When using the BAM Portal Activity Search feature, you may be directed to an error page with the above error message.

This error message means that there are instances with duplicate ID in the activity you were searching. If you look at the "Application" event log on the computer which runs the BAM Web Services, you will find one entry from "BAM Web Service" comparable to the following:

EXCEPTION:
System.Web.Services.Protocols.SoapException: There are instances with duplicate ID 'PO_COMPLETED_100' in activity 'PurchaseOrder' . The duplicates must be removed from the database to fix this problem.

BAM will not operate properly if there are duplicate activity instance IDs. Internally, BAM uses these IDs to perform correlations and expects them to be unique. The database is considered corrupted when this situation occurs and this condition should be fixed as soon as possible.

Why does that happen?

You installed one of the BAM sample or tutorial and caused BizTalk to process the same message more than once. Sample messages have hardcoded IDs, so if you process the same message twice, you'll end up with two activity instances with the same ID. 

This can also happen if BAM was asked to insert data with duplicate activity instance IDs through the BAM APIs such as DirectEventStream or BufferedEventStream.
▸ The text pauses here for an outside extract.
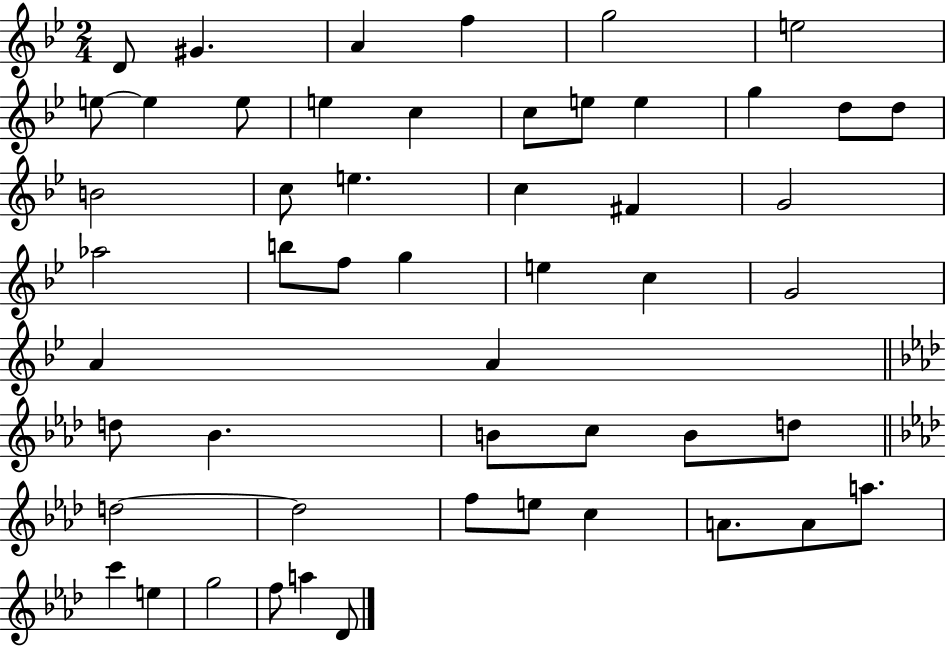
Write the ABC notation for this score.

You may also extract activity IDs from incoming messages using a tracking profile and two messages came with the same ID.
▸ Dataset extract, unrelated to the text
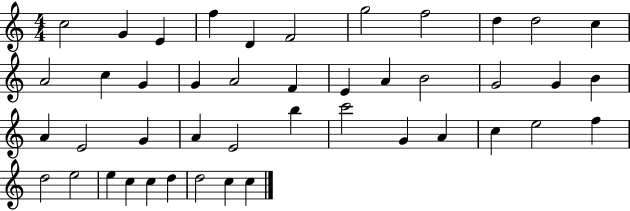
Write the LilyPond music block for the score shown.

For BAM, it is critical you ensure all activity instasnce IDs are unique.

So why does BAM allow me to insert duplicate IDs?

If BAM cannot operate with duplicate activity instance IDs, why doesn't BAM refuse to insert them in the first place? Well, this is for performance reasons. Internally, BAM splits the data into partitions to make insertions faster. Checking for the uniqueness of a key would require to lock multiple tables in a transaction and scan for this ID into multiple partitions / tables. This would dramatically slow BAM down.